A candidate who proposes such a radical tax plan undoubtedly has other extreme ideas. Sanders' plan might not get passed, but it would affect what bills a President Sanders signs into law.
Income Taxes. Sanders proposes to raise all rates by 2.2 percent and create four new tax brackets for upper-income earners: 39.2 percent for income above $250,000, 45.2 percent for income above $500,000, 50.2 percent for income above $2,000,000, and 54.2 percent for income above $10,000,000. The Tax Foundation estimates that this would bring in $3.3 trillion over ten years using a static methodology, or $2.4 trillion using a dynamic methodology.
In addition, Sanders places a 28 percent limit on the value of itemized deductions for households earning above $250,000 per year. Taxpayers in brackets above 28 percent would see the value of their deductions go down.

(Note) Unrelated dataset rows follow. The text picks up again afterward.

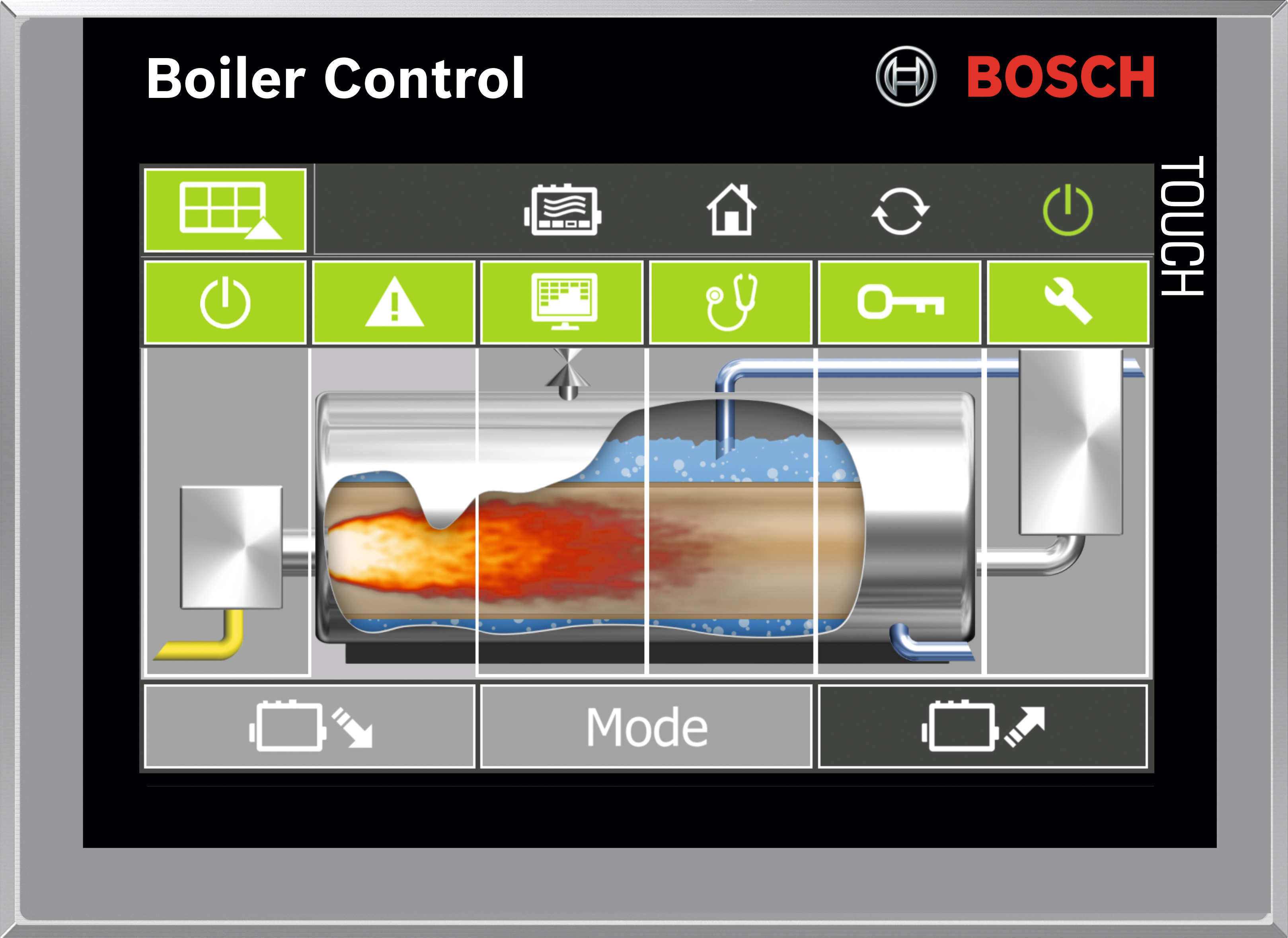 Sistema de controlo de caldeiras BCO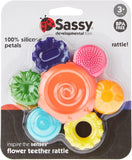 Sassy Silicone Flower Teether Rattle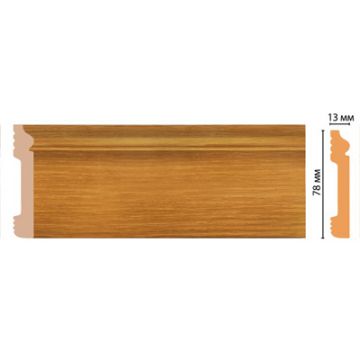 Цветной напольный плинтус Decomaster (Декомастер) из полистирола 13х79х2400 мм D005-73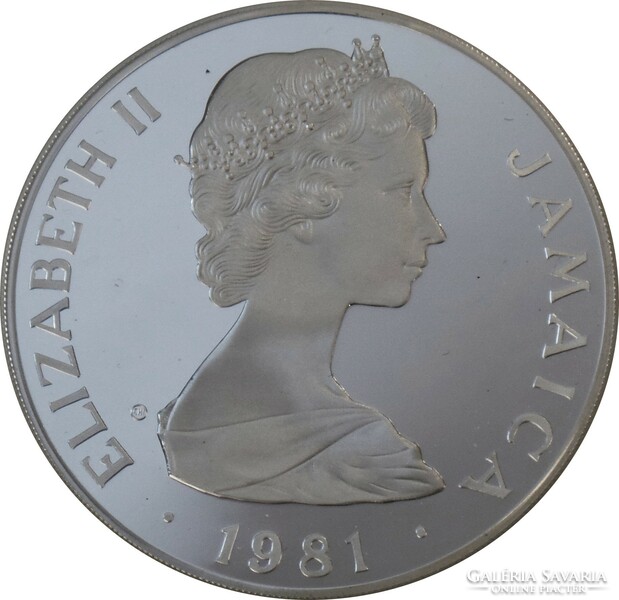 Huge silver coin commemorating the 1981 royal wedding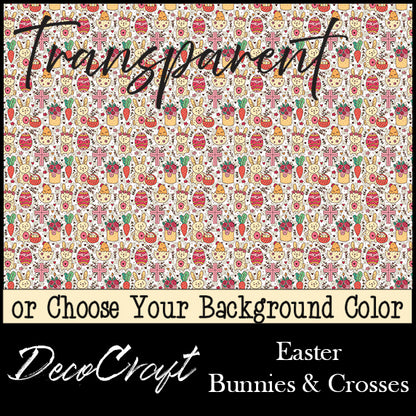DecoCraft - Transparent - Spring & Easter - Bunnies & Crosses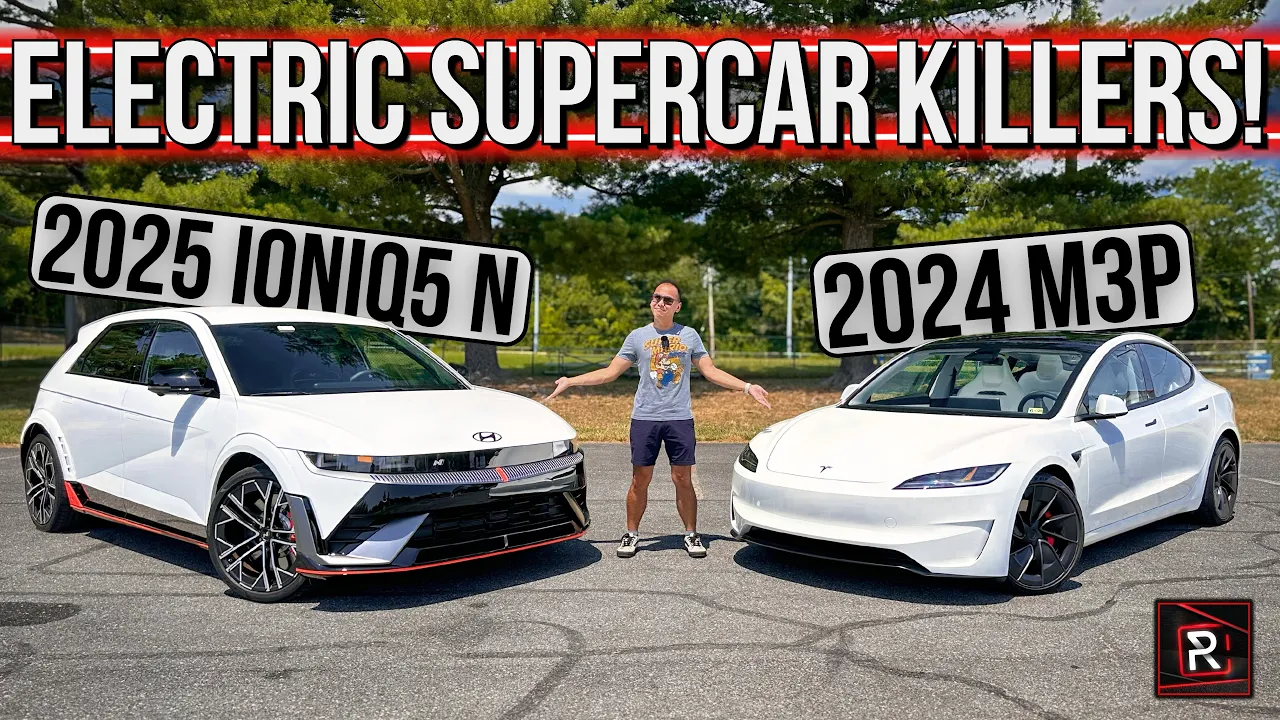 Tesla Model 3 Performance vs. Hyundai Ioniq5 N – Stupid Quick EV's! – Redline: Comparison Test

Payroll Taxes. Sanders applies the Social Security payroll tax to all income above $250,000, resulting in an additional 7.5 percent tax for those above $250,000. This creates a gap between the current cap of $118,500 and $250,000. Over that range, individuals would not pay the extra tax. Employers would face an additional 6.2 percent payroll tax on all wage and salary income to fund a new single payer healthcare program. Employers and employees would face a new 0.4 percent payroll tax, split evenly between employers and employees. Most economists agree that the incidence of payroll taxes is passed fully on to wages.
Capital Gains. Preferential treatment for capital gains and dividends for those earning about $250,000 in adjusted gross income would be eliminated.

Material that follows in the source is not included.